◆ INFORMATION GIVEN
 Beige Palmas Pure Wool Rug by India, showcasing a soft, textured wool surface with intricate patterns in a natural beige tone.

* * *

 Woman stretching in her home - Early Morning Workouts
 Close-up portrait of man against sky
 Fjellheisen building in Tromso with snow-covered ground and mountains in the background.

◆ AIM OF THE TASK
Output only an exact transcription of the lines above from the one with "Woman stretching in" up to and including the one with "Fjellheisen building in".

◆ WRITTEN ANSWER
 Woman stretching in her home - Early Morning Workouts
 Close-up portrait of man against sky
 Fjellheisen building in Tromso with snow-covered ground and mountains in the background.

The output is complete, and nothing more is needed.